A mining engineer by training, Carter has demonstrated a commitment to people and his community that matches his drive for low-cost, high-producing operations. He has been the recipient of a number of awards, and is recognized for his efforts to grow partnerships with aboriginal communities and businesses, as well as his dedicated service to the prosperity of the mining engineering program at the University of Alberta in Edmonton.

“It’s been a tremendous journey at Syncrude over the last 29 years,” Carter said. “I’m a miner by background, and the most intriguing part about the oil sands and Syncrude, in particular, has been the pioneering challenge to get such a huge operation like this to work in sync. We’re talking about the largest operations in the world here, in Fort McMurray - huge processing facilities, and so on. And it’s north of the 55th parallel, which offers its own interesting challenges. I’ve enjoyed a great deal of personal gratification from my work with Syncrude, and I foresee a real opportunity for success as Syncrude, and the oil sands, move forward.”

Looking to tomorrow, Carter said technology development will continue to be a key focus for the oil sands patch. One area developments are expected in the near future is reduction of transportation distances in the pit - with potential developments such as at-face mining. “Remember, in the oil sands, we mine as much waste as oil sands,” Carter said. “Systems currently being proposed will bring the operation close to face, reducing transportation distance. Overburden removal will continue to be done with truck and shovel, and much of the oil sands production as well, but these new methods demonstrate much potential for lowering costs of production.”

Carter said the oil sands industry will have some major challenges to address in the coming years. For starters, the industry needs the current government to reflect on what got the industry to its status today, “the support of past governments was necessary to unlock the potential of the oil sands,” he explained.

Another major challenge already facing the industry is the human resources capital required to undertake all the projects on the books - both construction and operations. “Syncrude’s success has lain with our highly trained, capable workforce,” Carter said. “We’ve enjoyed a low employee turnover for many years, but are undergoing a bit of a renewal now, as retirements are becoming more common.”

Another constant challenge is the demand for feed. At a rate of 30,000 tonnes per hour of oil sands processed, with the same amount of waste to be moved, that’s a major undertaking. “We produced 11 million barrels for the month of March,” Carter added.

Having multiple owners, all successful in their own right, has meant Syncrude was able to weather the storm when crude oil prices were low. Today, the industry is looking forward to high costs, with relatively flat prices, which means the oil sands players must continue their efficiency efforts.

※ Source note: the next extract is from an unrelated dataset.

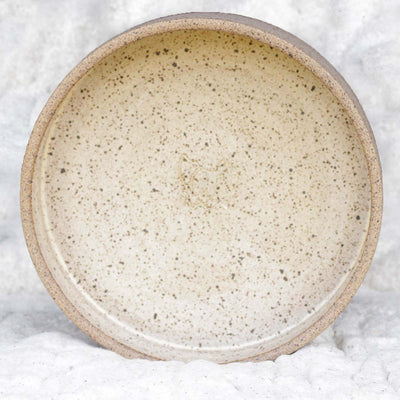 BOWL ALICE - CINZA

“We always have to remind ourselves - in the commodity business, you must be able to manage costs,” Carter said. “I’m a firm believer in technology - look what’s happened to date. I believe Syncrude will continue to find new ways to extract oil from the sands while lowering costs going forward.”

Looking back over his career, Carter said he wouldn’t have done anything different, except possibly when it comes to public outreach. “We need to have industry better understood in the broader community - I’m concerned about that. We did try, but maybe not enough.”

Having lived in Fort McMurray for almost three decades, Carter plans to move south to Edmonton now. He will continue his work with the mining engineering program at the University of Alberta, and will sit on a number of corporate boards, such as Epcor. Most importantly, he plans to spend more time with his family. Retirement is a positive move for him, but as with any change, it’s an emotional journey.

“Any time you’ve been with an organization for almost a full career, leaving it is a big step,” he explained. “I leave with a bit of sadness. But I can also look back on my career, at how involved I’ve been - and I feel very good about that.”